** Extracted entries follows **

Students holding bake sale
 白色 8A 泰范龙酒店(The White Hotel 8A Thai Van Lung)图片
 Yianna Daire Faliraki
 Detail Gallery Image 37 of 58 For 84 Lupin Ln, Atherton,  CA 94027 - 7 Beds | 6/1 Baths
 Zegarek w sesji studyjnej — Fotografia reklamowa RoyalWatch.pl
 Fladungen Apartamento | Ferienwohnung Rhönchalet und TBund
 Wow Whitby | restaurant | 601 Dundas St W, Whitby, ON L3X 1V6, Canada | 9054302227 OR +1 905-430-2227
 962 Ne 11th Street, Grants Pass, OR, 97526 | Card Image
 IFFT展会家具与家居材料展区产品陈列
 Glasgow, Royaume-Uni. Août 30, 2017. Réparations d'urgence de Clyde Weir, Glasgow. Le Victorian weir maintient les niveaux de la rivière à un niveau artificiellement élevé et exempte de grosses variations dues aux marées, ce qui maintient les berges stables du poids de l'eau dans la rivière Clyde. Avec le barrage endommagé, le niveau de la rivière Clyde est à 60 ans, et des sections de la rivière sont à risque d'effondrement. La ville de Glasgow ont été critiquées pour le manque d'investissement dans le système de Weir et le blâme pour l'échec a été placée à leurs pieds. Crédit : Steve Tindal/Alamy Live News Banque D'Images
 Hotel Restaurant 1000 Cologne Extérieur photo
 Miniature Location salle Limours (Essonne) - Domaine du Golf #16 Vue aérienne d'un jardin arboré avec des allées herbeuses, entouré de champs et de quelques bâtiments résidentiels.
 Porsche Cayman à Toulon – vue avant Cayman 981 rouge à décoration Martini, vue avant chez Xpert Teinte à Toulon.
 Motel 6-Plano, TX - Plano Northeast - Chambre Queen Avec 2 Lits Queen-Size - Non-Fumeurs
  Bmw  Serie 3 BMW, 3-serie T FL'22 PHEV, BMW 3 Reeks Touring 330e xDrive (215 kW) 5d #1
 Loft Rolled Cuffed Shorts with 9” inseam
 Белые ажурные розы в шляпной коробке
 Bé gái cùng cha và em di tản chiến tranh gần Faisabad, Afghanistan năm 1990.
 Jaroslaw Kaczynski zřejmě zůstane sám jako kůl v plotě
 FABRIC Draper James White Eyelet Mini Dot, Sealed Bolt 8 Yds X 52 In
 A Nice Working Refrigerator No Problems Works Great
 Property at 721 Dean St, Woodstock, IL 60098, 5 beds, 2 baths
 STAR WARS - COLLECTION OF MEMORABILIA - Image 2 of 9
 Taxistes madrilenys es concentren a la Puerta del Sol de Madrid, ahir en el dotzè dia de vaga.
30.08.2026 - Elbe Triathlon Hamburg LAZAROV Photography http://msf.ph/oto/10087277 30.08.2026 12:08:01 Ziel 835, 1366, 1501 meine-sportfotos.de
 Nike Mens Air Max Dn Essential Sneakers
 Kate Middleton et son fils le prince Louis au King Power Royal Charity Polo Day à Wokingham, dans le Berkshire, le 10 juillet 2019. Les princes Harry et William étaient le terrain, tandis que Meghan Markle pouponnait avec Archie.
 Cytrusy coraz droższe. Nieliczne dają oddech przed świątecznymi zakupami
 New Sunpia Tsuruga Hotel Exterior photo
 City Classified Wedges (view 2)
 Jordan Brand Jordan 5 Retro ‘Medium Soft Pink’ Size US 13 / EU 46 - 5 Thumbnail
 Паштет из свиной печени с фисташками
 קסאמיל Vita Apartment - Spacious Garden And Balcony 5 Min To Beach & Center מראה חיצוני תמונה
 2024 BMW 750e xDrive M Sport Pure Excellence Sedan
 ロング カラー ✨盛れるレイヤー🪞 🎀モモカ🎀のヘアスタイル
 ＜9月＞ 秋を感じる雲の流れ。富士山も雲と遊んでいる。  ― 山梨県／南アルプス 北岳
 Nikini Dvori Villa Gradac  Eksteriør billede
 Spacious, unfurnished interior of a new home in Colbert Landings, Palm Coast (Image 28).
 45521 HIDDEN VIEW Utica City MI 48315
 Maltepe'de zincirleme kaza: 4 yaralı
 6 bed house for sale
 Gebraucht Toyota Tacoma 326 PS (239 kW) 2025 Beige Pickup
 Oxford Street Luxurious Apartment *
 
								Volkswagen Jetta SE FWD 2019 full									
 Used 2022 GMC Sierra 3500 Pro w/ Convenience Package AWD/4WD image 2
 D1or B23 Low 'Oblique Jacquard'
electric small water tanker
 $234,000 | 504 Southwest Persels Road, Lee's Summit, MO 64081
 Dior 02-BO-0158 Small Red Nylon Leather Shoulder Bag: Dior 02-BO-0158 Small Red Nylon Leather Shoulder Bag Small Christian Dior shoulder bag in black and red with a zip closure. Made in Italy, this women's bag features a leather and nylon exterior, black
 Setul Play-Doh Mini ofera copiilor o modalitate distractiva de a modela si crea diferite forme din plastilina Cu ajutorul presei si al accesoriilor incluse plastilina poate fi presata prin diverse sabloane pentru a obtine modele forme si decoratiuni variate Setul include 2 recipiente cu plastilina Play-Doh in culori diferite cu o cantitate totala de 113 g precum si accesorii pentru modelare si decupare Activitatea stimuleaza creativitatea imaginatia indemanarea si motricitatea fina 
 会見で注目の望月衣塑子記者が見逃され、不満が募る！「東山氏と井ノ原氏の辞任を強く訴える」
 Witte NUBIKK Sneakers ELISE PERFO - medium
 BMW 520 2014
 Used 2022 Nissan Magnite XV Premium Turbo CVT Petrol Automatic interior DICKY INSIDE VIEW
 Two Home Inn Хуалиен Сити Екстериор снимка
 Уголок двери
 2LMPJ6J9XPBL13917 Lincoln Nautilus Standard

** End of Extracted entries **

Assigned task: Write out exactly the lines above between the line with "Detail Gallery Image" and the line with "IFFT展会家具与家居材料展区产品陈列", inclusive, and nothing beyond them.

Task solution:
 Detail Gallery Image 37 of 58 For 84 Lupin Ln, Atherton,  CA 94027 - 7 Beds | 6/1 Baths
 Zegarek w sesji studyjnej — Fotografia reklamowa RoyalWatch.pl
 Fladungen Apartamento | Ferienwohnung Rhönchalet und TBund
 Wow Whitby | restaurant | 601 Dundas St W, Whitby, ON L3X 1V6, Canada | 9054302227 OR +1 905-430-2227
 962 Ne 11th Street, Grants Pass, OR, 97526 | Card Image
 IFFT展会家具与家居材料展区产品陈列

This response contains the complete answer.